My favorite teacher in school was never the art teacher because I never took art. It was the stern-looking physics instructor who rode a motorcycle to school and, if memory serves, wore a pocket protector. (That last detail I may have imagined, but you need it to get the picture.)
His tests and quizzes never asked us simply to repeat formulas. Instead, he invented scenarios and asked us to apply the principles we’d learned. We predicted outcomes. We learned that the world had rules, that if you understood them well enough, you could make sense of what happened.
I hung on every word he spoke. What was this clear-cut, rational world he so calmly explained, occasionally illustrating with a red dry erase marker across an expansive whiteboard? I wanted in.

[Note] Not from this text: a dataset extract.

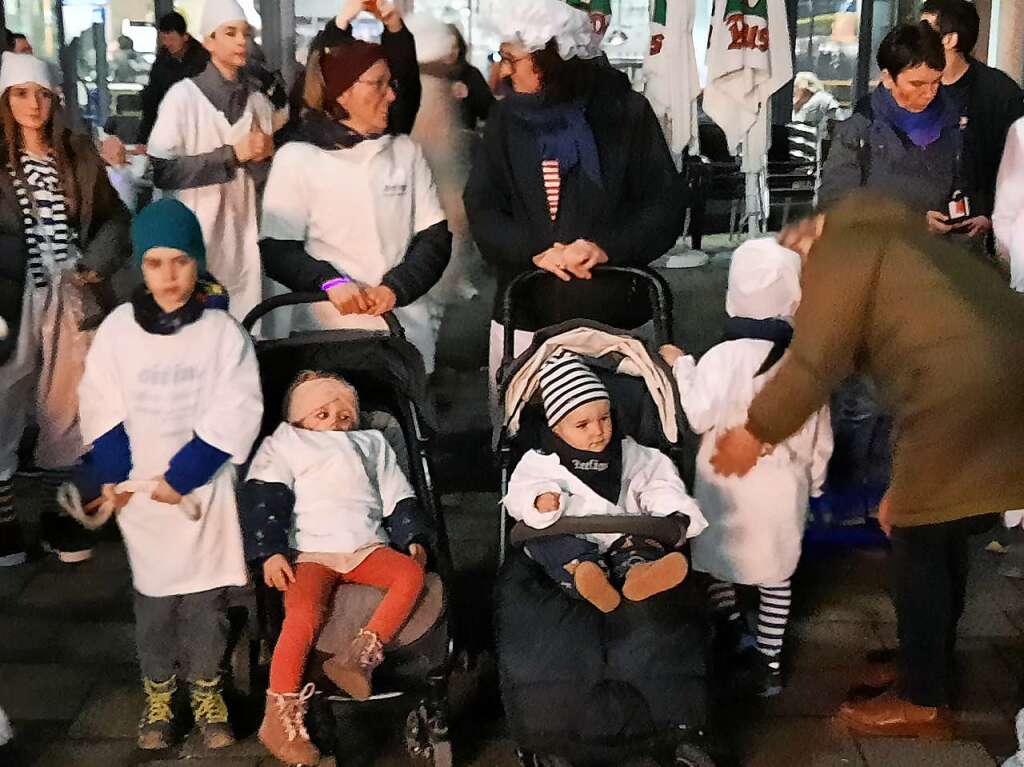 Impressionen vom Hemdglunki-Umzug in Efringen-Kirchen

And then one day he wrote a proverb on that same board.
“Man plans, God laughs.”
I don’t remember him saying much about it, but I’ve been thinking about those four words ever since.
Back then, I understood them as a commentary on human folly—our smallness in the face of an all-knowing God. It felt more frustrating than comforting.
Then I graduated from high school and began building a life of my own.
I had plans. I would earn a Ph.D. in American Literature. I would marry once. I would have several children, children I could only imagine as daughters because I knew what it was to be one. I had a sister. I was close to my mom. Without ever questioning it, I assumed motherhood would look something like the family I had grown up in. It’s the only version of motherhood I had ever experienced from the inside.
Life, it turned out, wasn’t nearly as predictable as physics.
The formulas didn’t always produce the outcomes I expected.
Instead, I became an artist. I became the mother of boys in a blended family. I moved to Mississippi—a state I had never really imagined anyone moved to on purpose. I opened a gallery. I built a life I never would have had the imagination to plan for myself.
Now, when I think about that proverb, I hear God’s laughter differently.
Not the laughter of ridicule. The laughter of delight.
I imagine the laughter of a Creator who knows our plans are often too small to contain the abundance waiting for us. A laughter that gently whispers, Oh, my sweet child. Your plans are only the beginning.
I’ve begun to think that faith is less about knowing what’s coming than trusting that grace has a larger imagination than we do.
There is a particular freedom that comes from realizing our lives don’t have to resemble the ones we imagined in order to become beautiful. Sometimes we spend years grieving a story that never happened instead of crafting an even more interesting one. As I painted Dreams, I found myself returning to that proverb.
The sleeping mother isn’t dreaming about a different life. She is resting peacefully inside the one she has been given, even with all the uncertainty inherent to raising a child. The child leans into her without effort. A small gold bird rests above her—a quiet symbol of hope, the unexpected gifts that arrive when we loosen our grip on absolute conviction. Around them, flowers bloom in abundance, as if to suggest that life has a way of flourishing beyond the edges of our careful expectations.
This painting is about motherhood and how different it looks from the version I once imagined.
But it’s also about all the places where life has surprised me.
It’s about learning that dreams don’t always disappear. Sometimes they simply change shape. Sometimes they become deeper, kinder, and more expansive than the ones we first carried.
Perhaps that’s what the proverb was trying to teach me all those years ago.
Not that our plans are foolish.
Only that they are wonderfully incomplete.
Somewhere beyond the edges of our imagination is a smiling God—not because our plans are foolish, but because they have so much glorious room to grow.. Because there is always more beauty, more grace, and more life than we can yet conceive.
Artist Note
When I painted Dreams, I was thinking about all the ways life has surprised me. Motherhood, family, and even the place I now call home look nothing like I once imagined, yet each has become a gift I never could have planned. This painting is about finding peace in the life we’ve been given and trusting that grace often has a larger imagination than we do.